What is being asked: Go through the listing and write out all of it exactly.
________
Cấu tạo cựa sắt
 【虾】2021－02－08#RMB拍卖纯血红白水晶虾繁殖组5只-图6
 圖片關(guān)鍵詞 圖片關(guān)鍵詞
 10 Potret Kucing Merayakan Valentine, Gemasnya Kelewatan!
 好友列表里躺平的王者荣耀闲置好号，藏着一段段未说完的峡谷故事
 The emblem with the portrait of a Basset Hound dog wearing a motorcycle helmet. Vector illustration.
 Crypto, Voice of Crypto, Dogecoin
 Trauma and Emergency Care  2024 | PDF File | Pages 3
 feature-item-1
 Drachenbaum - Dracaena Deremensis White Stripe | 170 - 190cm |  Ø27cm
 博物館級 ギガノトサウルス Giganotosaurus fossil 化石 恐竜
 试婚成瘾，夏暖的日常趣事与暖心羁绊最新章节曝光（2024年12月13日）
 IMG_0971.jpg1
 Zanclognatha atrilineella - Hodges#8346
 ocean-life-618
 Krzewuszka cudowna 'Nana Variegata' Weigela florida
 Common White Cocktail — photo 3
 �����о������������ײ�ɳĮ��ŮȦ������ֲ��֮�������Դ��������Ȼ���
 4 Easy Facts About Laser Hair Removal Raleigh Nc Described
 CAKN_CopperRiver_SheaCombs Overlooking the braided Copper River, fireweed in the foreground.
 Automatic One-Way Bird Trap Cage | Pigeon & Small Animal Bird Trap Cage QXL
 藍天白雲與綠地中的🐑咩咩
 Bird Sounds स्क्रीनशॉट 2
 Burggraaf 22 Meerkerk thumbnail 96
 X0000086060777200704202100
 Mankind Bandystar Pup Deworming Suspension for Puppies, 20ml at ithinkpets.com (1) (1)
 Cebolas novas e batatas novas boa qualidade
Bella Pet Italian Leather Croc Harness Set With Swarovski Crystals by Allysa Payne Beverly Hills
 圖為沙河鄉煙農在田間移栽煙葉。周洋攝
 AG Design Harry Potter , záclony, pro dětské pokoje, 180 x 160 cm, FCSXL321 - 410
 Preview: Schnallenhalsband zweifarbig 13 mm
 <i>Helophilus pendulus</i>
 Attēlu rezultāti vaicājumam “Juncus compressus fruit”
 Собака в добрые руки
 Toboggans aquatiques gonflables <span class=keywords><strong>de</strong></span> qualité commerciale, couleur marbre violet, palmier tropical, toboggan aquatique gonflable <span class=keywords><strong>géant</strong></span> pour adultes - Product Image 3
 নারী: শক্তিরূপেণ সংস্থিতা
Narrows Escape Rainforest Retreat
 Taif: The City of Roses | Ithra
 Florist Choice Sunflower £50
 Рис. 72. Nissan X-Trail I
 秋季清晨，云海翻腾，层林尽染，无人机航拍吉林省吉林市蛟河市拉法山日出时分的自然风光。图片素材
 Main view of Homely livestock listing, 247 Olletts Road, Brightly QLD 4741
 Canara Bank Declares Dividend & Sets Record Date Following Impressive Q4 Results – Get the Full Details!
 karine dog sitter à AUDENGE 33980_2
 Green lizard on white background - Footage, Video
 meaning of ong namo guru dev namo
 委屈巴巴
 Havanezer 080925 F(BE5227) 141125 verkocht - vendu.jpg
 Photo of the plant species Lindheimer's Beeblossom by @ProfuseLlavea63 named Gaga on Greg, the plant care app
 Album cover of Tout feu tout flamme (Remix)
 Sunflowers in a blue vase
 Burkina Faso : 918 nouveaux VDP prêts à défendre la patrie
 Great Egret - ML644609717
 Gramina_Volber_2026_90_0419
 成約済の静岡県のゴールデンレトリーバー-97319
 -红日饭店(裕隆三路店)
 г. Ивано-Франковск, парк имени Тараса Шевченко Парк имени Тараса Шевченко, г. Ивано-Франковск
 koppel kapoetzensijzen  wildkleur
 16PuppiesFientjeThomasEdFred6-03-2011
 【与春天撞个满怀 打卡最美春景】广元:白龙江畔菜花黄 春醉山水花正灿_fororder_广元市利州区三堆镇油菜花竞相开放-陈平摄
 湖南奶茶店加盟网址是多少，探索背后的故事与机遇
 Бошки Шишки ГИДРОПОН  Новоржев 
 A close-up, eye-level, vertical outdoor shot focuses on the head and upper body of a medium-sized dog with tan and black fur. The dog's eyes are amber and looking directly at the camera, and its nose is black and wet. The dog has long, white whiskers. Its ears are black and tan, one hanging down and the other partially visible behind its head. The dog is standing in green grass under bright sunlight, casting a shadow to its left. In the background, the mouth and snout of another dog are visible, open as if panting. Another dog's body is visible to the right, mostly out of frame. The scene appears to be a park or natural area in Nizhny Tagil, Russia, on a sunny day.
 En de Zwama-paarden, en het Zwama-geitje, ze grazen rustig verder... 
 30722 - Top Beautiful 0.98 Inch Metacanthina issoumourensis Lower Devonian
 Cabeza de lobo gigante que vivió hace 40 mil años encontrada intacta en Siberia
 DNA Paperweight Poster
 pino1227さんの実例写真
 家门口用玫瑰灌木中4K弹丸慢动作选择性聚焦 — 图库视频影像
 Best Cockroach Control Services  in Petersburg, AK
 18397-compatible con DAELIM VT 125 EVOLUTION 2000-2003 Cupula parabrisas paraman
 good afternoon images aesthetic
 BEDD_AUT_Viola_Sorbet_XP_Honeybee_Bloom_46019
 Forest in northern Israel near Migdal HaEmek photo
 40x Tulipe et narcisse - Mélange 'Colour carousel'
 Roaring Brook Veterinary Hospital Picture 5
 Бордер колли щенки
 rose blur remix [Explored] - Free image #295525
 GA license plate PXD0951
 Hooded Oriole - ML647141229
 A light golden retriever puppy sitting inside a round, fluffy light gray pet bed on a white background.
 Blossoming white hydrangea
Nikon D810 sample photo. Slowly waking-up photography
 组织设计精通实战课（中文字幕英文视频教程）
________
Your solution:
Cấu tạo cựa sắt
 【虾】2021－02－08#RMB拍卖纯血红白水晶虾繁殖组5只-图6
 圖片關(guān)鍵詞 圖片關(guān)鍵詞
 10 Potret Kucing Merayakan Valentine, Gemasnya Kelewatan!
 好友列表里躺平的王者荣耀闲置好号，藏着一段段未说完的峡谷故事
 The emblem with the portrait of a Basset Hound dog wearing a motorcycle helmet. Vector illustration.
 Crypto, Voice of Crypto, Dogecoin
 Trauma and Emergency Care  2024 | PDF File | Pages 3
 feature-item-1
 Drachenbaum - Dracaena Deremensis White Stripe | 170 - 190cm |  Ø27cm
 博物館級 ギガノトサウルス Giganotosaurus fossil 化石 恐竜
 试婚成瘾，夏暖的日常趣事与暖心羁绊最新章节曝光（2024年12月13日）
 IMG_0971.jpg1
 Zanclognatha atrilineella - Hodges#8346
 ocean-life-618
 Krzewuszka cudowna 'Nana Variegata' Weigela florida
 Common White Cocktail — photo 3
 �����о������������ײ�ɳĮ��ŮȦ������ֲ��֮�������Դ��������Ȼ���
 4 Easy Facts About Laser Hair Removal Raleigh Nc Described
 CAKN_CopperRiver_SheaCombs Overlooking the braided Copper River, fireweed in the foreground.
 Automatic One-Way Bird Trap Cage | Pigeon & Small Animal Bird Trap Cage QXL
 藍天白雲與綠地中的🐑咩咩
 Bird Sounds स्क्रीनशॉट 2
 Burggraaf 22 Meerkerk thumbnail 96
 X0000086060777200704202100
 Mankind Bandystar Pup Deworming Suspension for Puppies, 20ml at ithinkpets.com (1) (1)
 Cebolas novas e batatas novas boa qualidade
Bella Pet Italian Leather Croc Harness Set With Swarovski Crystals by Allysa Payne Beverly Hills
 圖為沙河鄉煙農在田間移栽煙葉。周洋攝
 AG Design Harry Potter , záclony, pro dětské pokoje, 180 x 160 cm, FCSXL321 - 410
 Preview: Schnallenhalsband zweifarbig 13 mm
 <i>Helophilus pendulus</i>
 Attēlu rezultāti vaicājumam “Juncus compressus fruit”
 Собака в добрые руки
 Toboggans aquatiques gonflables <span class=keywords><strong>de</strong></span> qualité commerciale, couleur marbre violet, palmier tropical, toboggan aquatique gonflable <span class=keywords><strong>géant</strong></span> pour adultes - Product Image 3
 নারী: শক্তিরূপেণ সংস্থিতা
Narrows Escape Rainforest Retreat
 Taif: The City of Roses | Ithra
 Florist Choice Sunflower £50
 Рис. 72. Nissan X-Trail I
 秋季清晨，云海翻腾，层林尽染，无人机航拍吉林省吉林市蛟河市拉法山日出时分的自然风光。图片素材
 Main view of Homely livestock listing, 247 Olletts Road, Brightly QLD 4741
 Canara Bank Declares Dividend & Sets Record Date Following Impressive Q4 Results – Get the Full Details!
 karine dog sitter à AUDENGE 33980_2
 Green lizard on white background - Footage, Video
 meaning of ong namo guru dev namo
 委屈巴巴
 Havanezer 080925 F(BE5227) 141125 verkocht - vendu.jpg
 Photo of the plant species Lindheimer's Beeblossom by @ProfuseLlavea63 named Gaga on Greg, the plant care app
 Album cover of Tout feu tout flamme (Remix)
 Sunflowers in a blue vase
 Burkina Faso : 918 nouveaux VDP prêts à défendre la patrie
 Great Egret - ML644609717
 Gramina_Volber_2026_90_0419
 成約済の静岡県のゴールデンレトリーバー-97319
 -红日饭店(裕隆三路店)
 г. Ивано-Франковск, парк имени Тараса Шевченко Парк имени Тараса Шевченко, г. Ивано-Франковск
 koppel kapoetzensijzen  wildkleur
 16PuppiesFientjeThomasEdFred6-03-2011
 【与春天撞个满怀 打卡最美春景】广元:白龙江畔菜花黄 春醉山水花正灿_fororder_广元市利州区三堆镇油菜花竞相开放-陈平摄
 湖南奶茶店加盟网址是多少，探索背后的故事与机遇
 Бошки Шишки ГИДРОПОН  Новоржев 
 A close-up, eye-level, vertical outdoor shot focuses on the head and upper body of a medium-sized dog with tan and black fur. The dog's eyes are amber and looking directly at the camera, and its nose is black and wet. The dog has long, white whiskers. Its ears are black and tan, one hanging down and the other partially visible behind its head. The dog is standing in green grass under bright sunlight, casting a shadow to its left. In the background, the mouth and snout of another dog are visible, open as if panting. Another dog's body is visible to the right, mostly out of frame. The scene appears to be a park or natural area in Nizhny Tagil, Russia, on a sunny day.
 En de Zwama-paarden, en het Zwama-geitje, ze grazen rustig verder... 
 30722 - Top Beautiful 0.98 Inch Metacanthina issoumourensis Lower Devonian
 Cabeza de lobo gigante que vivió hace 40 mil años encontrada intacta en Siberia
 DNA Paperweight Poster
 pino1227さんの実例写真
 家门口用玫瑰灌木中4K弹丸慢动作选择性聚焦 — 图库视频影像
 Best Cockroach Control Services  in Petersburg, AK
 18397-compatible con DAELIM VT 125 EVOLUTION 2000-2003 Cupula parabrisas paraman
 good afternoon images aesthetic
 BEDD_AUT_Viola_Sorbet_XP_Honeybee_Bloom_46019
 Forest in northern Israel near Migdal HaEmek photo
 40x Tulipe et narcisse - Mélange 'Colour carousel'
 Roaring Brook Veterinary Hospital Picture 5
 Бордер колли щенки
 rose blur remix [Explored] - Free image #295525
 GA license plate PXD0951
 Hooded Oriole - ML647141229
 A light golden retriever puppy sitting inside a round, fluffy light gray pet bed on a white background.
 Blossoming white hydrangea
Nikon D810 sample photo. Slowly waking-up photography
 组织设计精通实战课（中文字幕英文视频教程）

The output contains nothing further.